I have a theory about American teachers. I call it the hoops syndrome. Put any small disposable object in the hand of most people in this land that invented basketball, point them toward any open receptacle, and they will try to toss the object through the hoop. Teachers have the same irresistible impulse to help their students reach any distant but worthy goal. That is why I like AP and IB and the other high-level courses with independent assessments that are being introduced in our schools. Give a teacher a room full of students excited about hitting that target, and that teacher will try every possible way to make it happen.

At Annandale, Albright told me, everybody gets into the act---the IB teachers, the AP teachers and the teachers who have to prepare the lower grade students for those programs. They understand that a student who has never before had a challenging course may act bored or uninterested, when actually they are frightened. "Being apathetic and being terrified looks the same in an adolescent boy," she said.

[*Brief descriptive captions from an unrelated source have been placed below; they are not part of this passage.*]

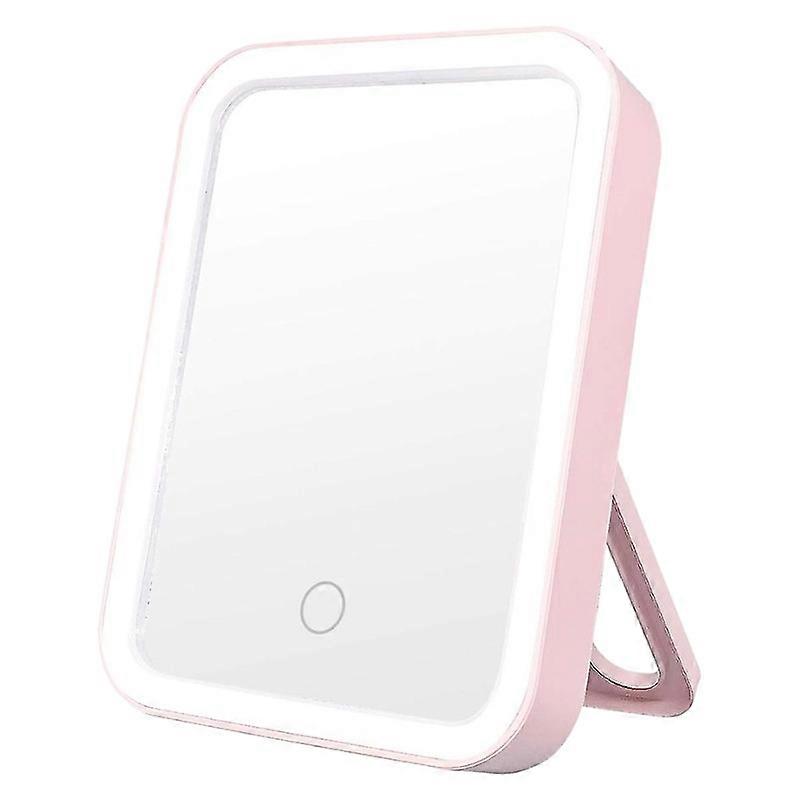 Desktop make-up spiegel Opvouwbare desktop make-up spiegel Draagbare oplaadbare make-up spiegel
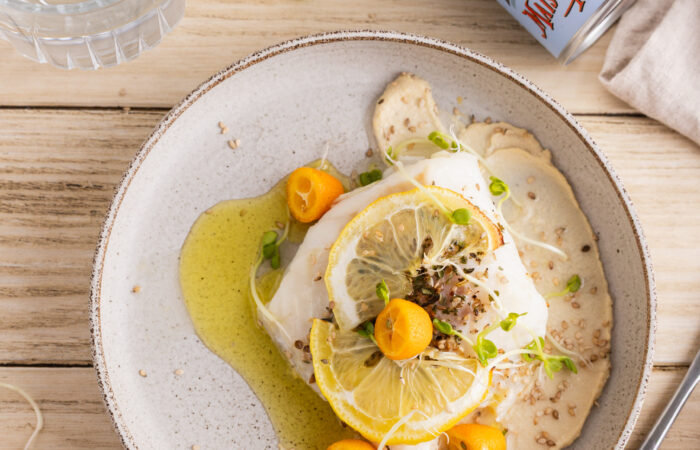 Filet de poisson blanc au citron et à l’huile d’olive Maison Brémond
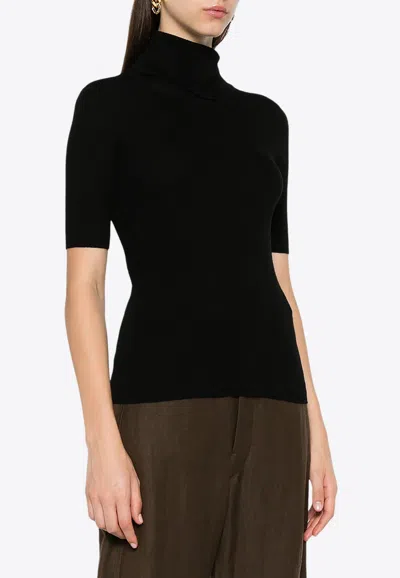 P.A.R.O.S.H LEILA TURTLENECK WOOL KNIT TOP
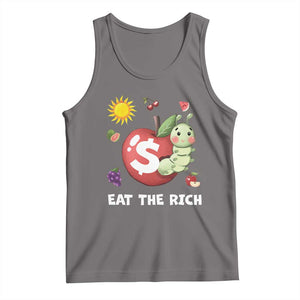 Funny Eat The Rich Tank Top Hungry Caterpillar Fruit Social Activist TS11 Deep Heather Print Your Wear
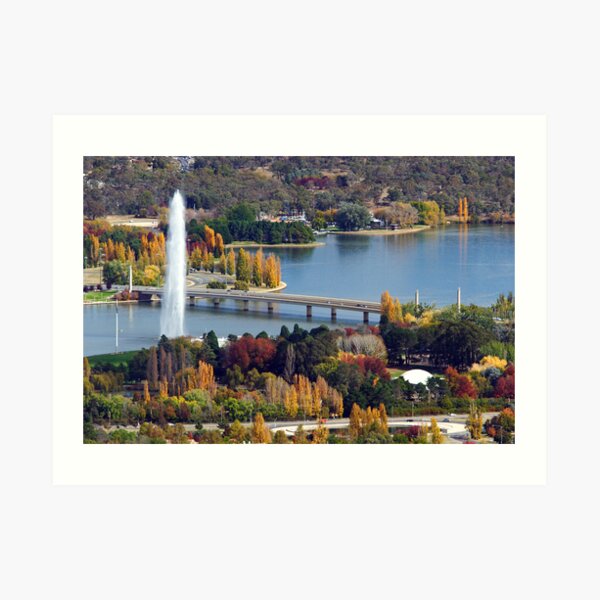 Lake Burley Griffin - Canberra Art Print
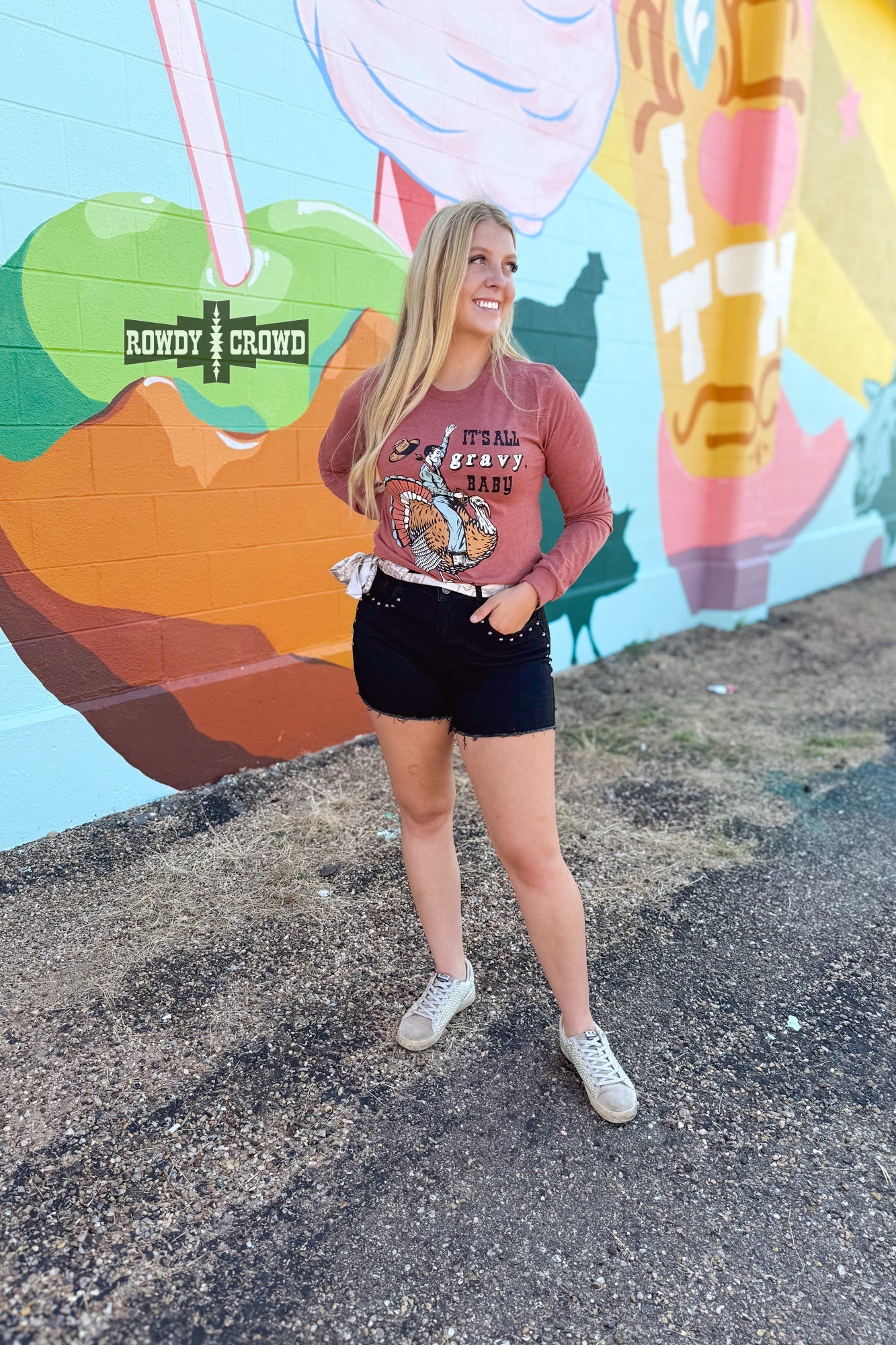 Gravy Baby Long Sleeve Tee - Cowgirltops.com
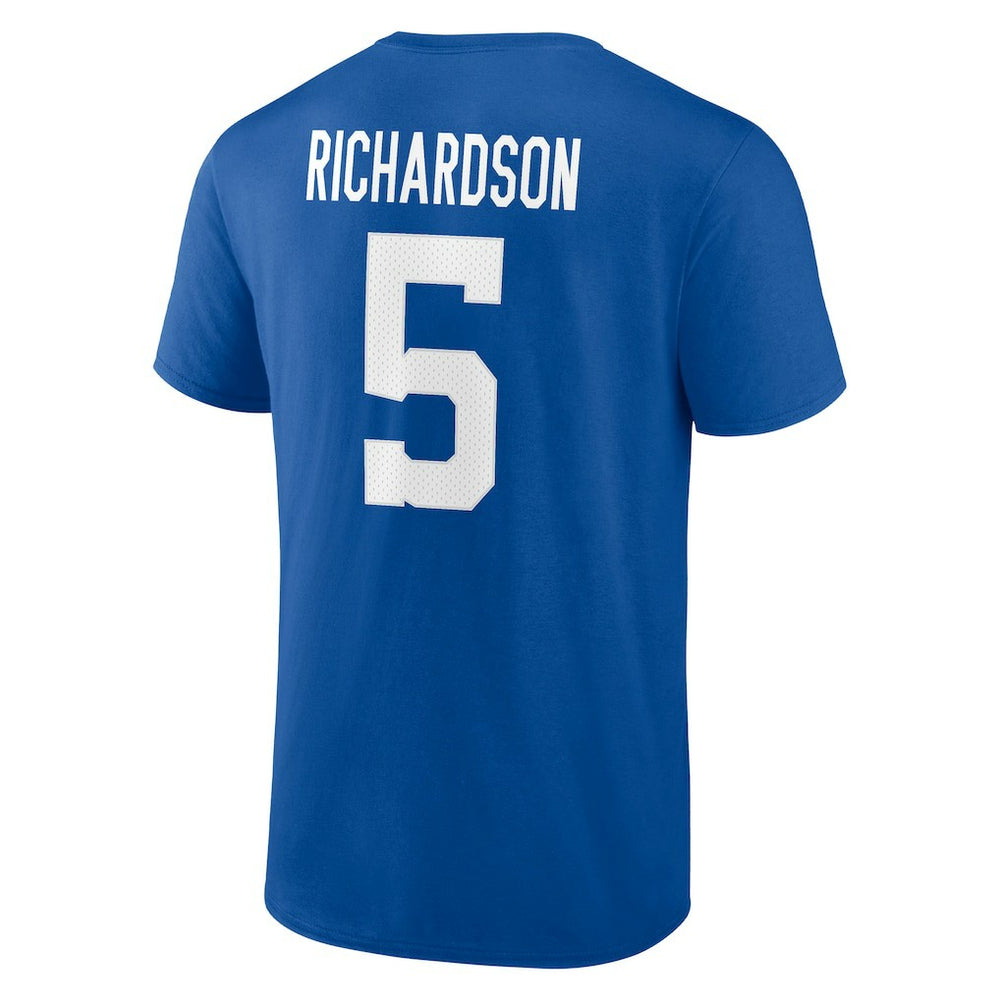 Anthony Richardson Indianapolis Colts Icon Name & Number T-Shirt - Royal - Fanatics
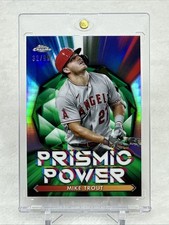 2021 Topps Chrome Prismic Power Green Refractor /99 Mike Trout #PP-2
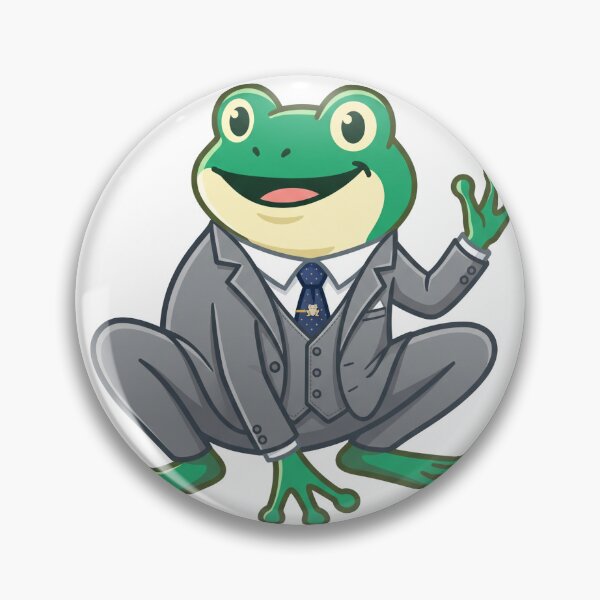 Item preview, Dapper Frog in a Suit Vector Illustration | Gentleman Frog Art designed and sold by KaleeDesigns.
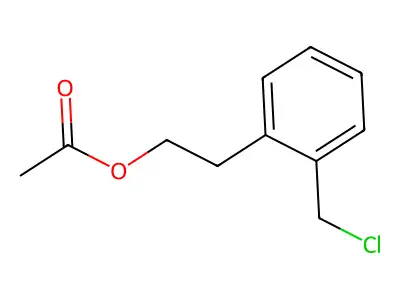 2-(Chloromethyl)phenethyl acetate structure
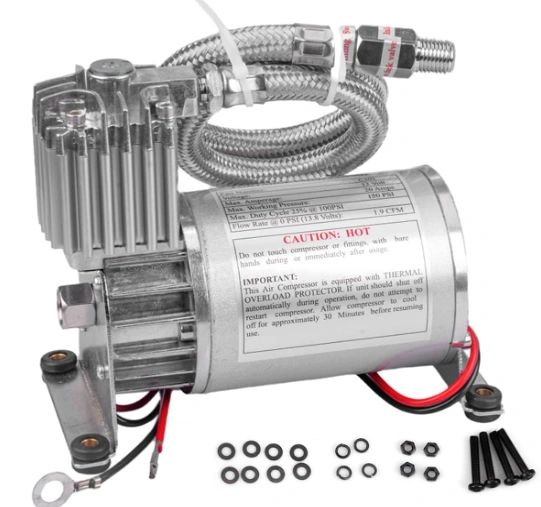 HARLEY Motorcycle AIR RIDE Suspension Replacement COMPRESSOR. CHOPPER ...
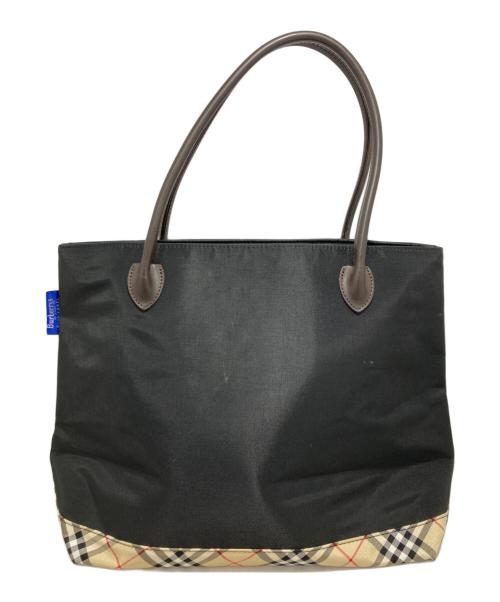 Burberry's BLUE LABEL（バーバリーズ ブルーレーベル）Burberry's BLUE LABEL (バーバリーズ ブルーレーベル) トートバッグ ブラックの古着・服飾アイテム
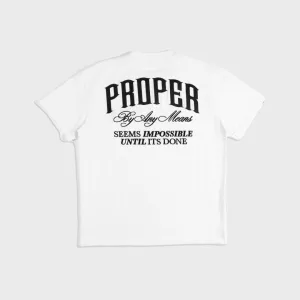PROPER SCRIPTURE FITTED TEE WHITE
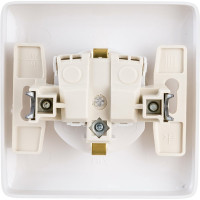 Розетка Systeme Electric 1-м СП Хит 16А с заземлением, белая SchE RS16-134-B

Sometimes what would seem to be a simplistic concept in a high-income school has to be carefully explained at Annandale. "Take inference," Albright said. "Our kids don't necessarily come to school knowing how to do that." But if their teachers take the time to explain, many get it, and their Equity and Excellence rating goes up.

The new list makes me want to explore other issues: Why would two schools with almost identical student characteristics have very different participation and mastery rates? Why do some affluent districts wallow near the bottom of the list while some less wealthy districts soar? How can the experiences of the most successful schools be communicated to those that need help?

Take a look at the new list. Tell me what you find interesting. What I think it shows is that there are a great many teachers doing exceptional work, and that is something worth measuring.